Problem - Return exactly the lines from the one containing "Book cover of: Just One Pan. By: Jane Lovett" through the last line of the records below, both included, and leave out any pictures.

*** Opening of Data in this exercise ***

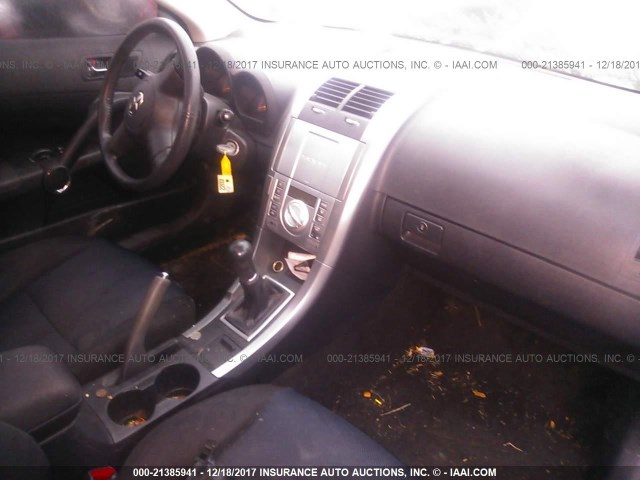 JTKDE177X50028481 - 2005 TOYOTA SCION TC 黑色 照片 5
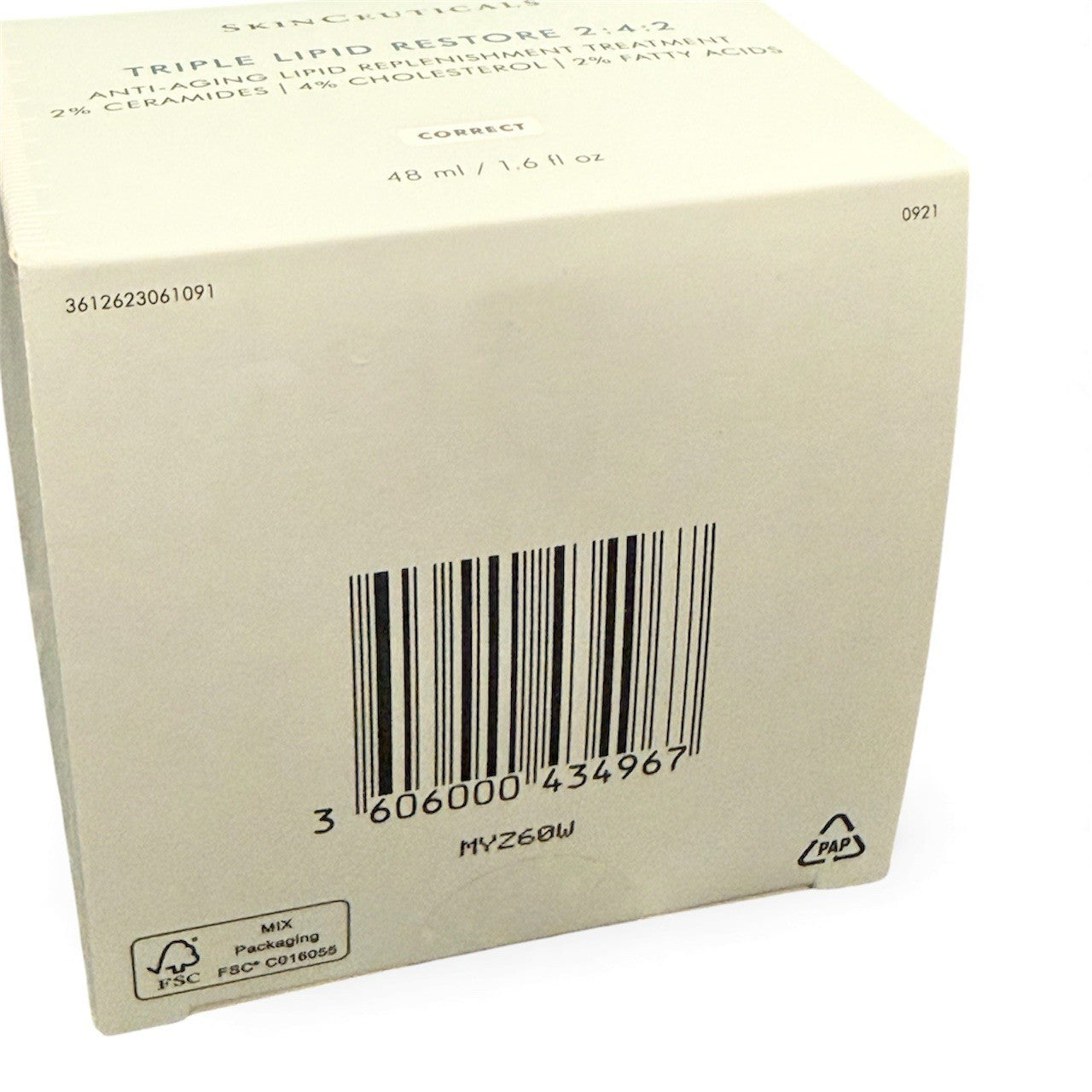 NEW SkinCeuticals Triple Lipid Restore 2:4:2 Anti-aging Moisturizer Cream 1.6 oz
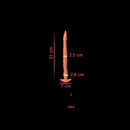 12.2in 15.94in 20.87in Snake Long Huge Animal Luminous Dildo For Anus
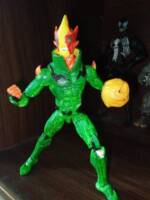 Swampfire(bloomed) (Ben-10) Custom Action Figure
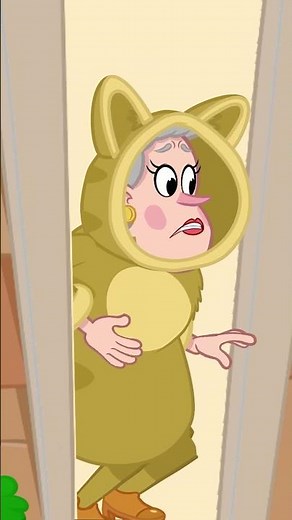 Morphle Spooks Granny on Halloween 👻 #cartoon #halloon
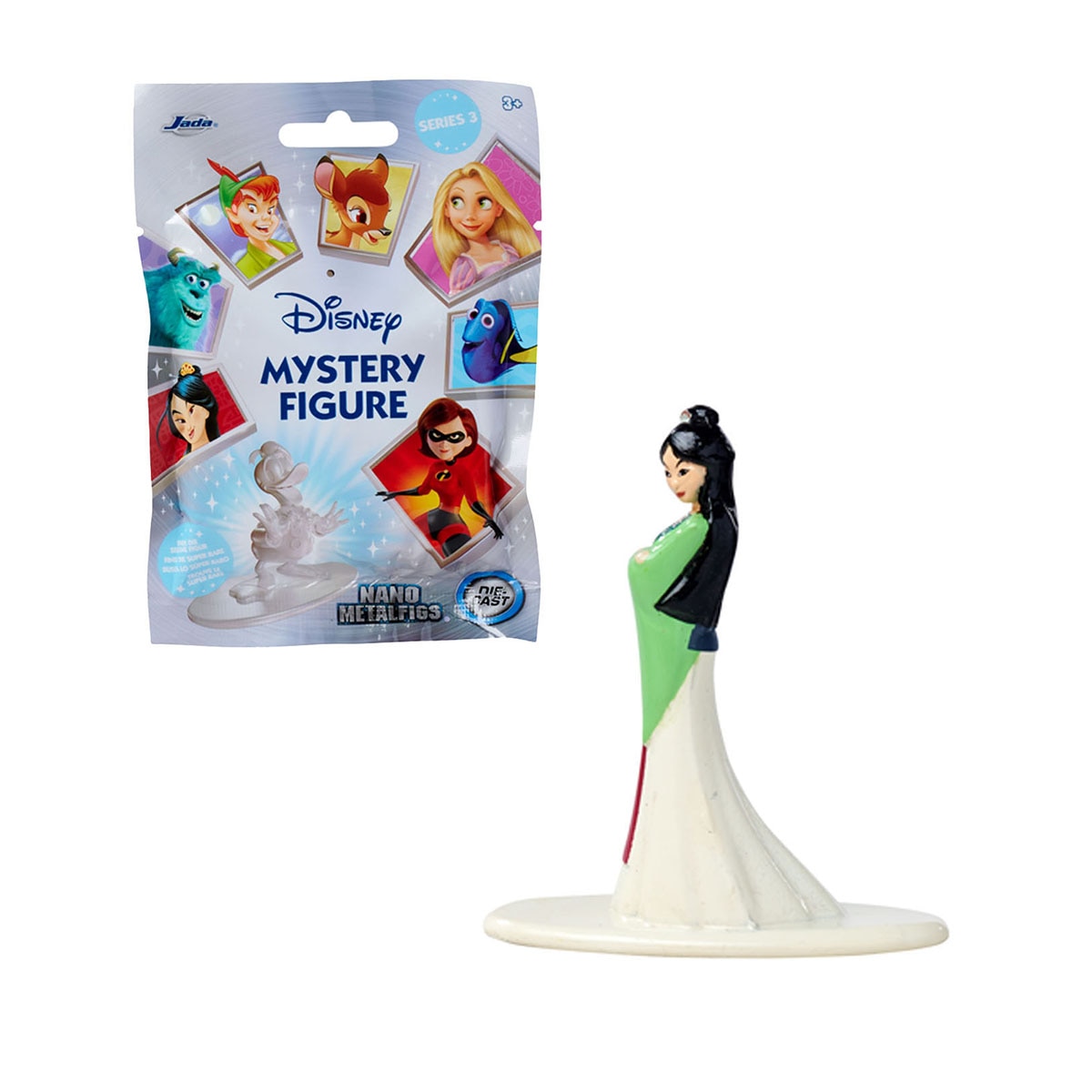 Disney Mystery Figure Nano Metalfigs Série 3 – Figura Surpresa Metálica 2
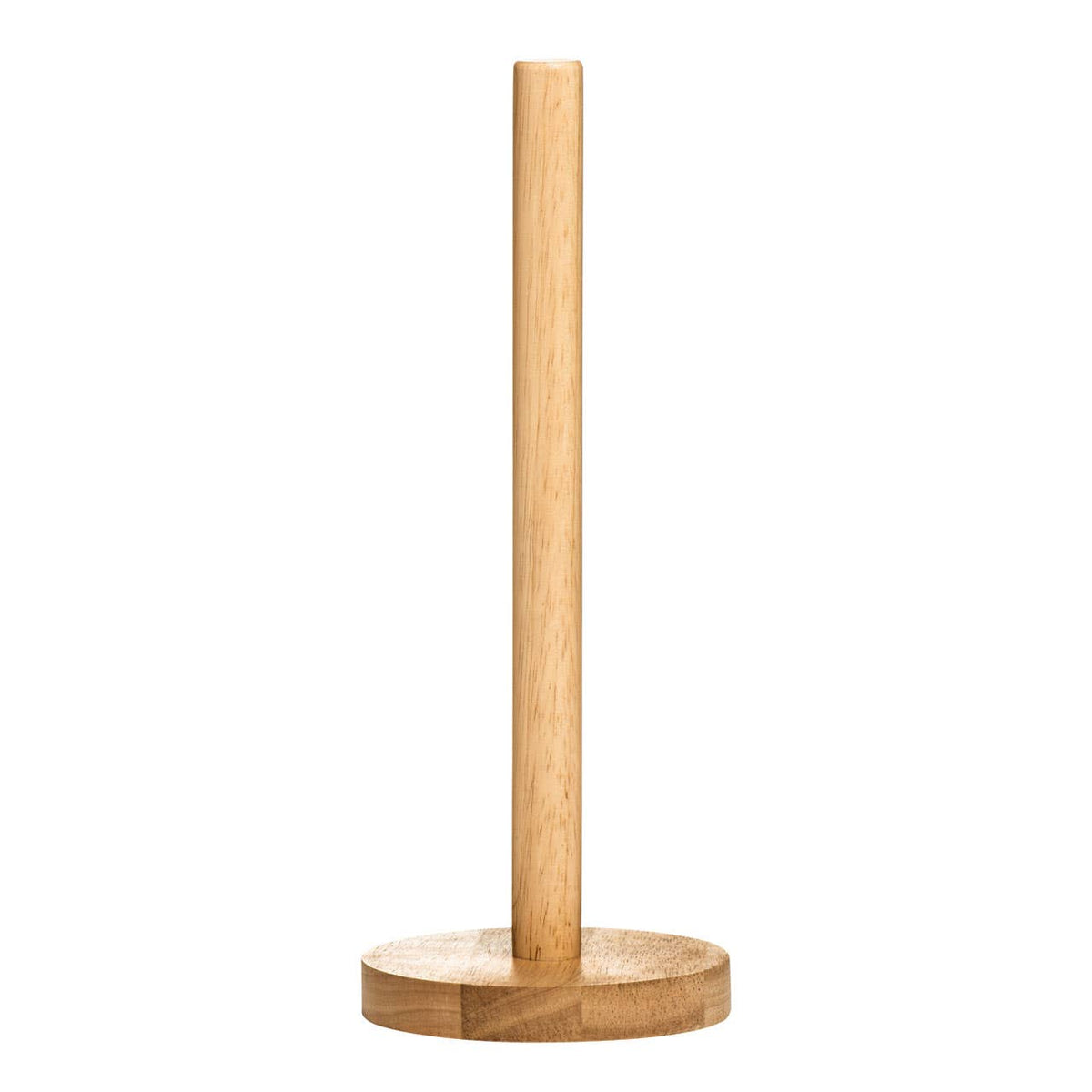 Soka Rubberwood Kitchen Roll Holder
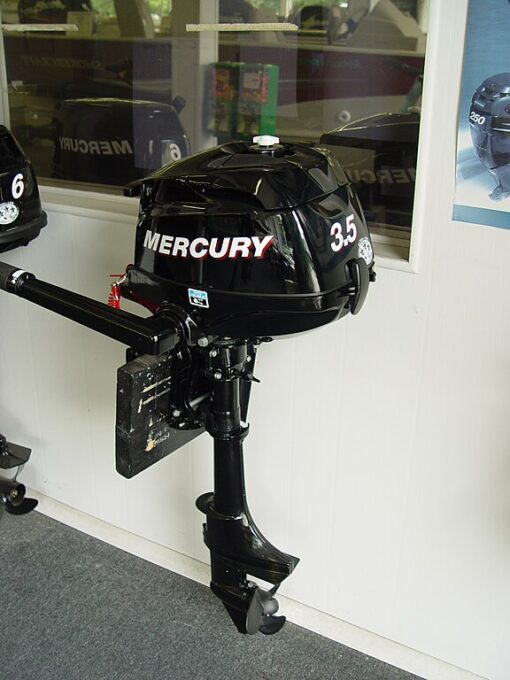 3.5hp Mercury Outboard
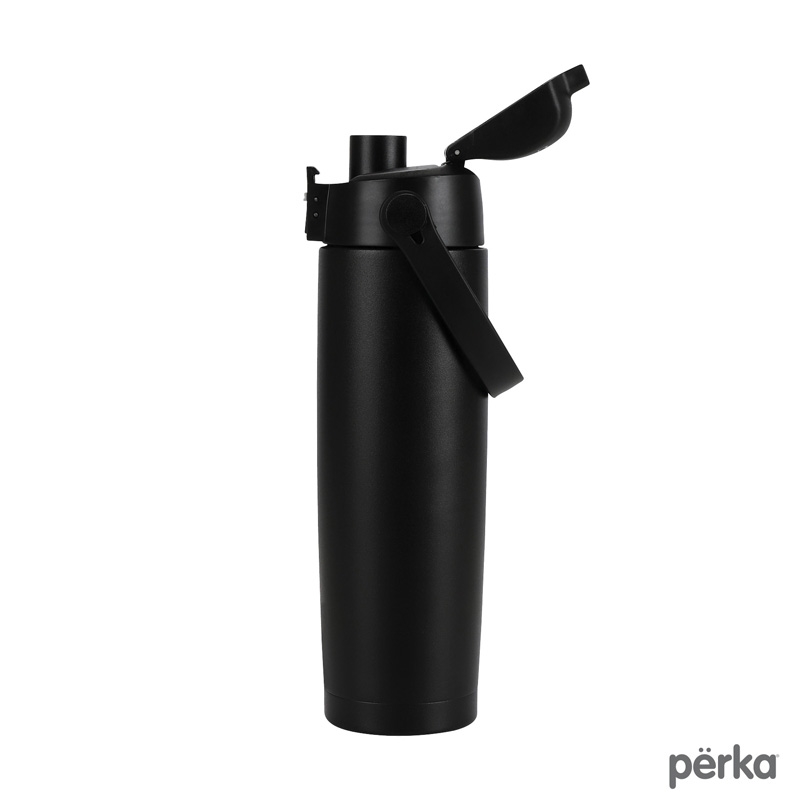Perka® Lenker 20 oz. Double Wall, Recycled Stainless Steel Water Bottle 48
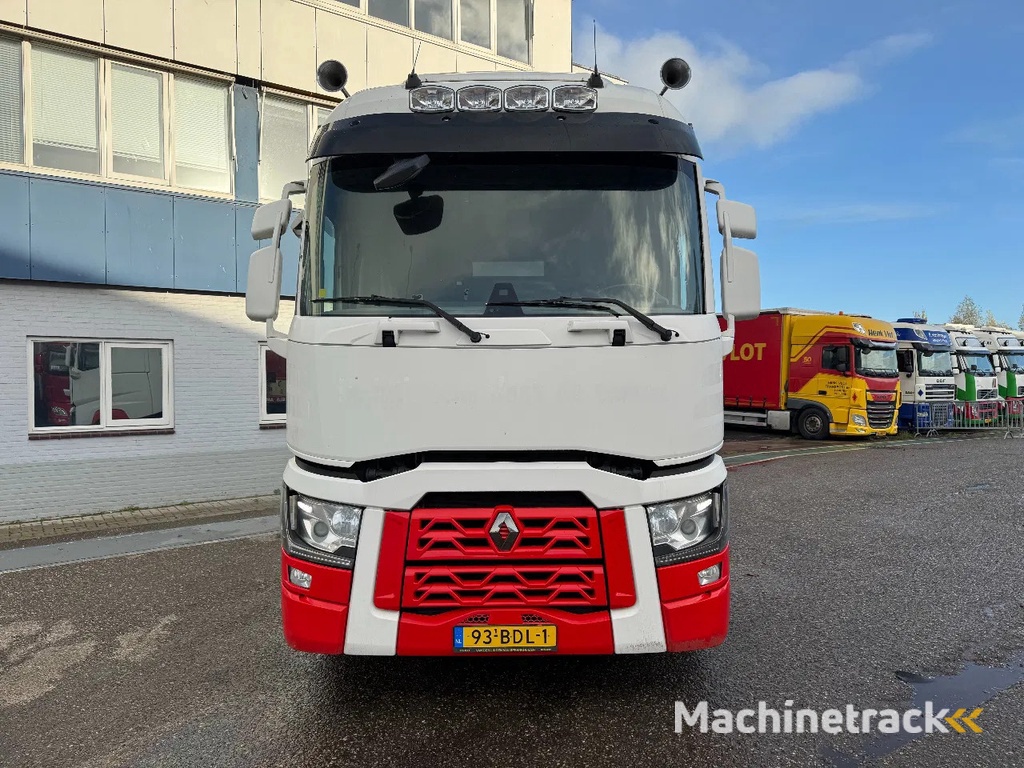 Renault T460 4X2 EURO 6 SKIRTS DOUBLE TANK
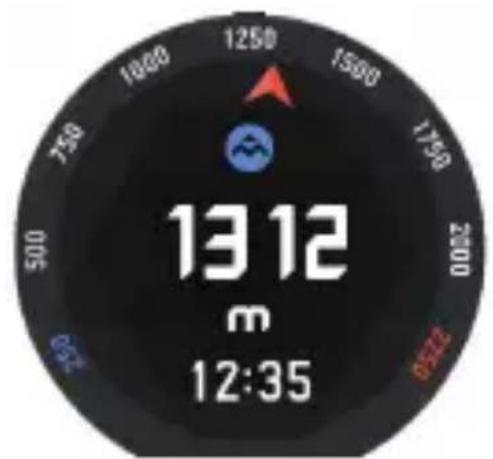 CASIO Pro Trek Smart WSDF10 - Altimètre - 1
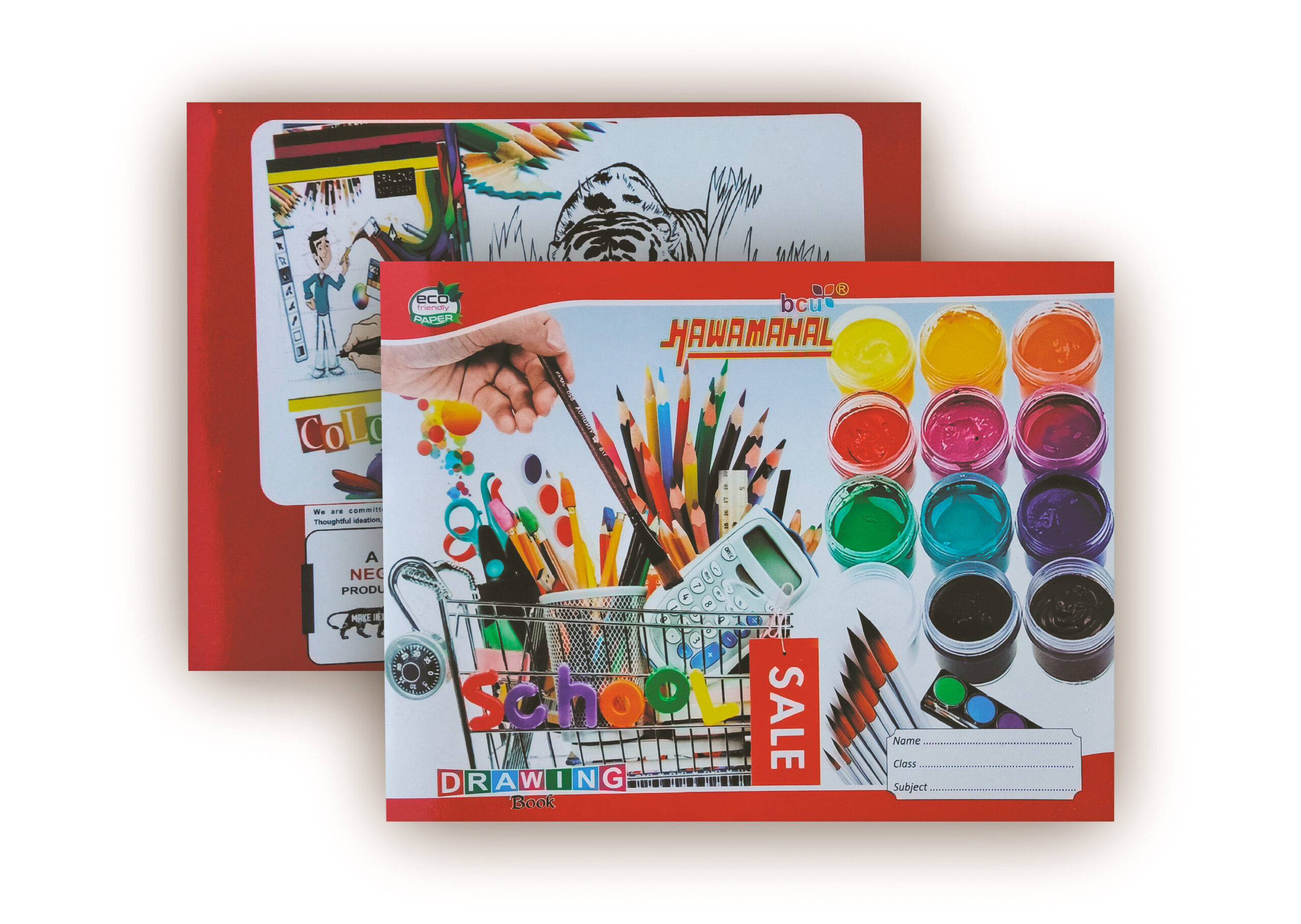 Print Hawamahal Drawing Notebook - Image 1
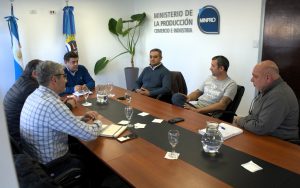 Producción avanza en acciones para potenciar el crecimiento de Puerto San Julián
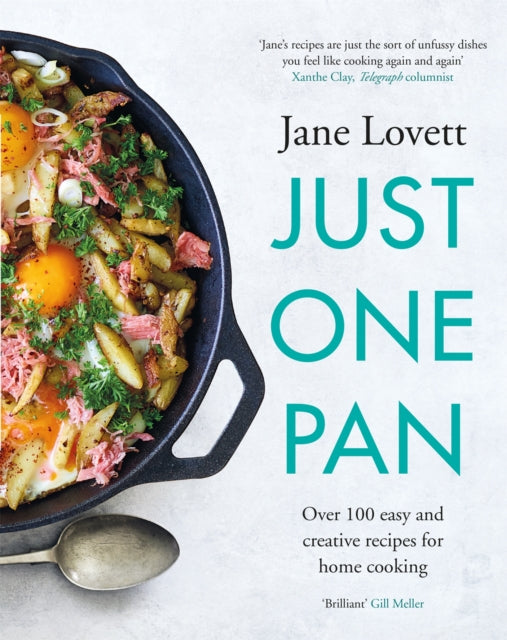 Book cover of: Just One Pan. By: Jane Lovett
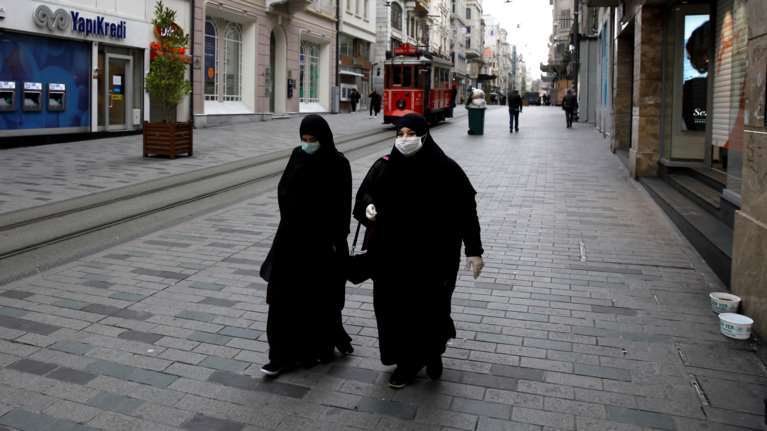 Τουρκία: Πάνω από 20.000 τα κρούσματα - Στους 425 οι νεκροί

*** Close of Data in this exercise ***

Written answer -
 Book cover of: Just One Pan. By: Jane Lovett
 Τουρκία: Πάνω από 20.000 τα κρούσματα - Στους 425 οι νεκροί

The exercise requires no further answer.